[Exercise data Boundary: Start]

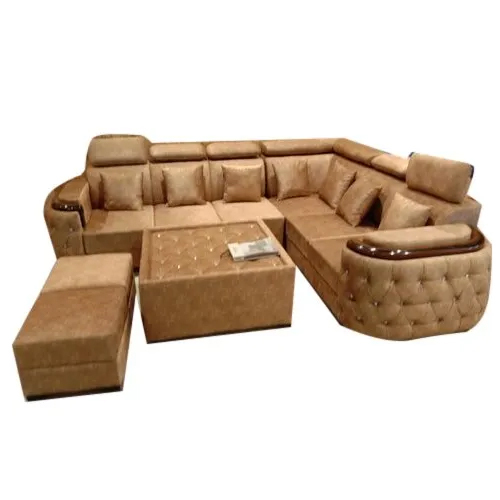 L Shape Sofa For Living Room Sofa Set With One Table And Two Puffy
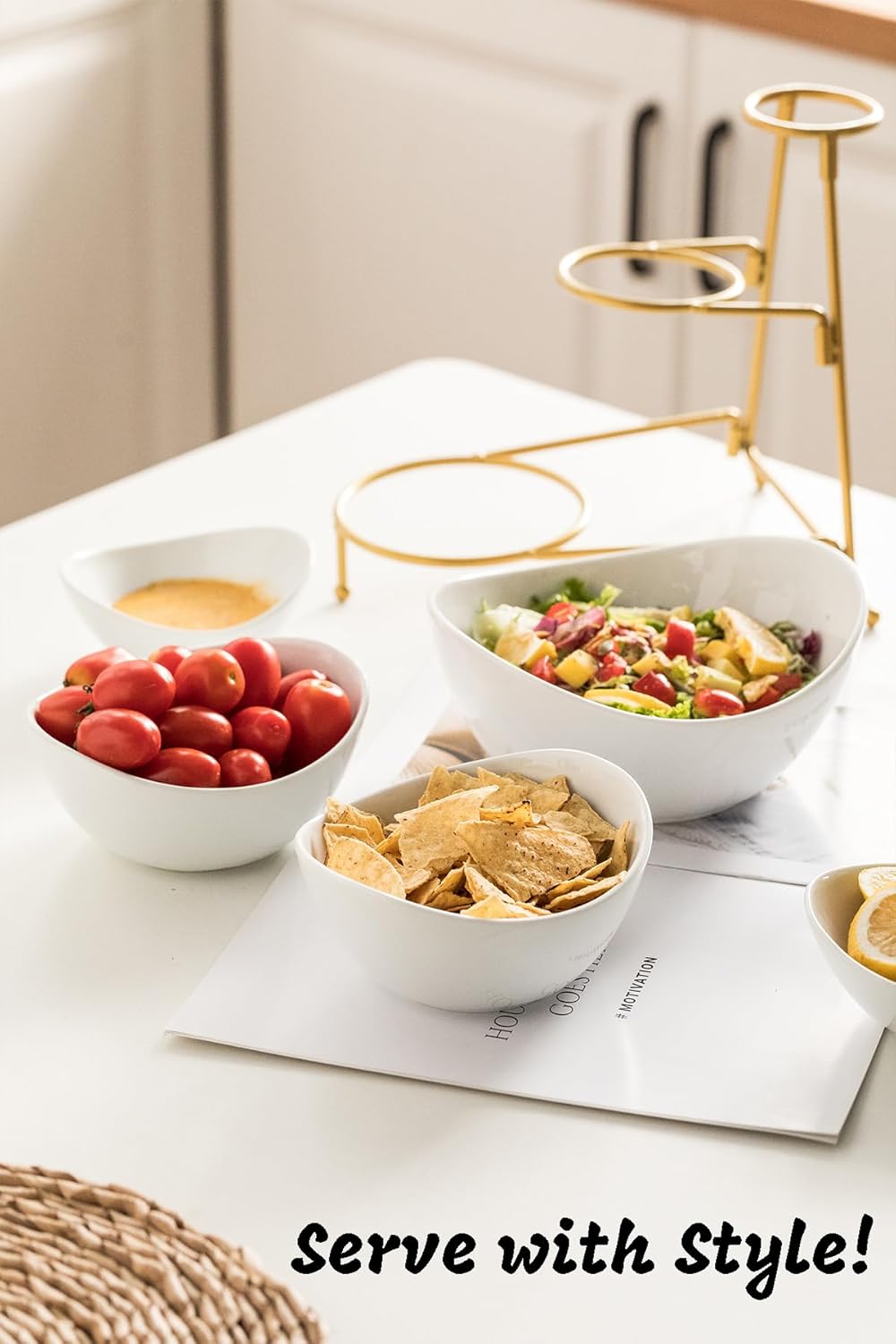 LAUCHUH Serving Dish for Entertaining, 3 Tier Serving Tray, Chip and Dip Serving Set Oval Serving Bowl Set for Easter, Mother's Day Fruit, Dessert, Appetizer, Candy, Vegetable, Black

[Exercise data Boundary: End]
[Exercise data Boundary: Start]

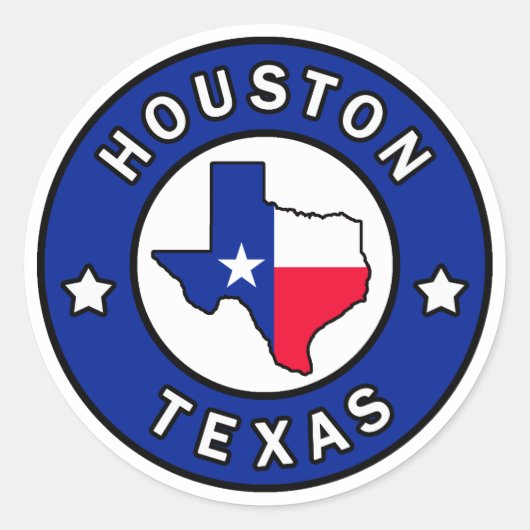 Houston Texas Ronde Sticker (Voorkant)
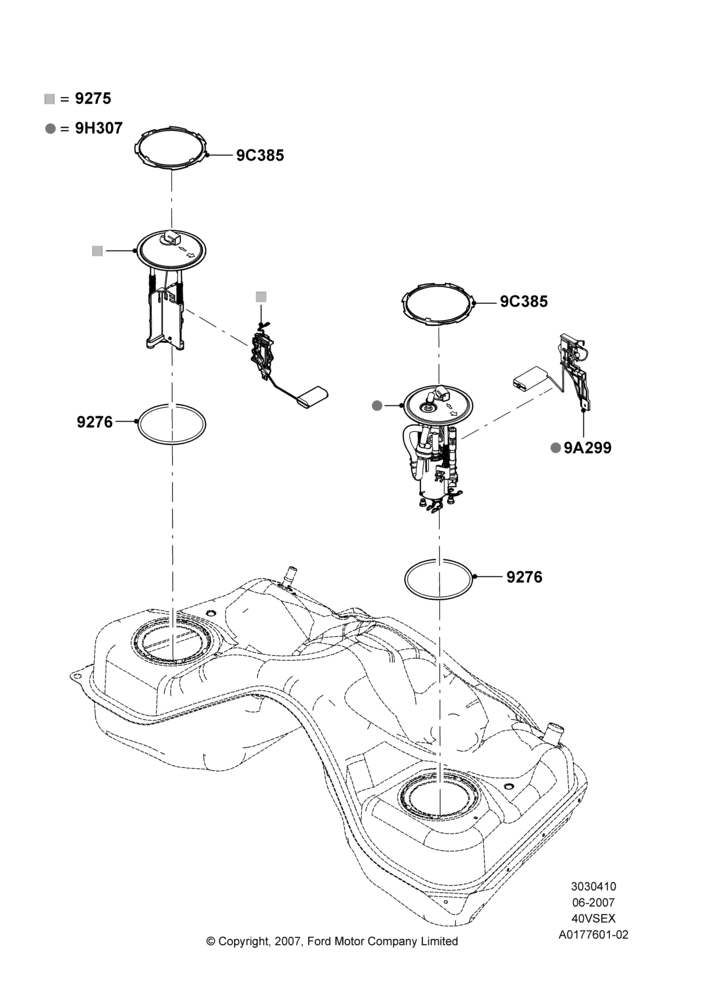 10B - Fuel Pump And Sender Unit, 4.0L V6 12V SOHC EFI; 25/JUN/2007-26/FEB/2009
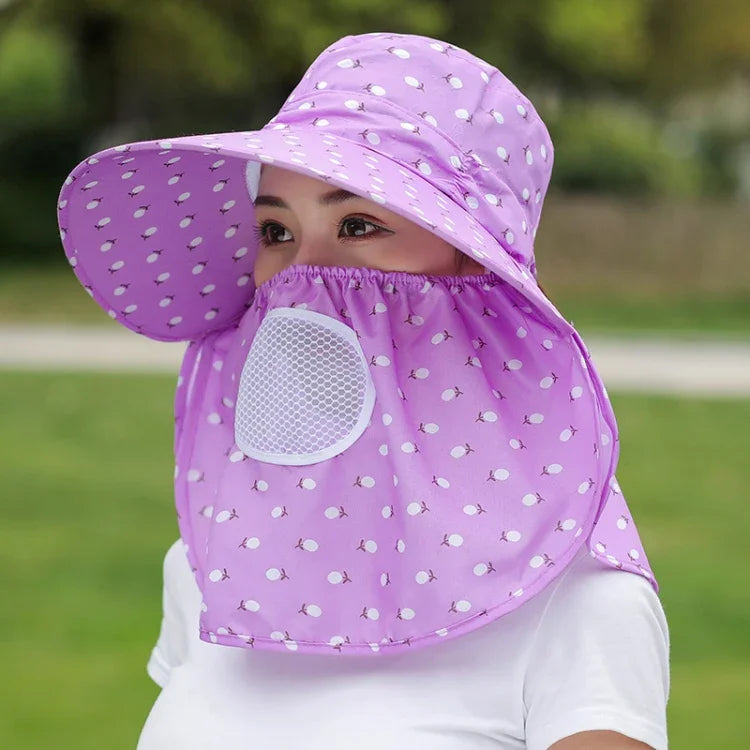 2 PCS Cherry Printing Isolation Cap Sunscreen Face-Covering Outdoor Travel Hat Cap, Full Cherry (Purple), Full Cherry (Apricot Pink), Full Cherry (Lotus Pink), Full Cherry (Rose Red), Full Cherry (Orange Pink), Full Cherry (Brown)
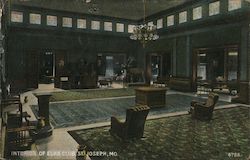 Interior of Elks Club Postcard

[Exercise data Boundary: End]

▶ _Problem to solve_:
From the material above, output only the span of lines that starts at the one containing "L Shape Sofa" and finishes at the one containing "LAUCHUH Serving Dish", word for word and free of pictures.

▶ _Result_:
 L Shape Sofa For Living Room Sofa Set With One Table And Two Puffy
 LAUCHUH Serving Dish for Entertaining, 3 Tier Serving Tray, Chip and Dip Serving Set Oval Serving Bowl Set for Easter, Mother's Day Fruit, Dessert, Appetizer, Candy, Vegetable, Black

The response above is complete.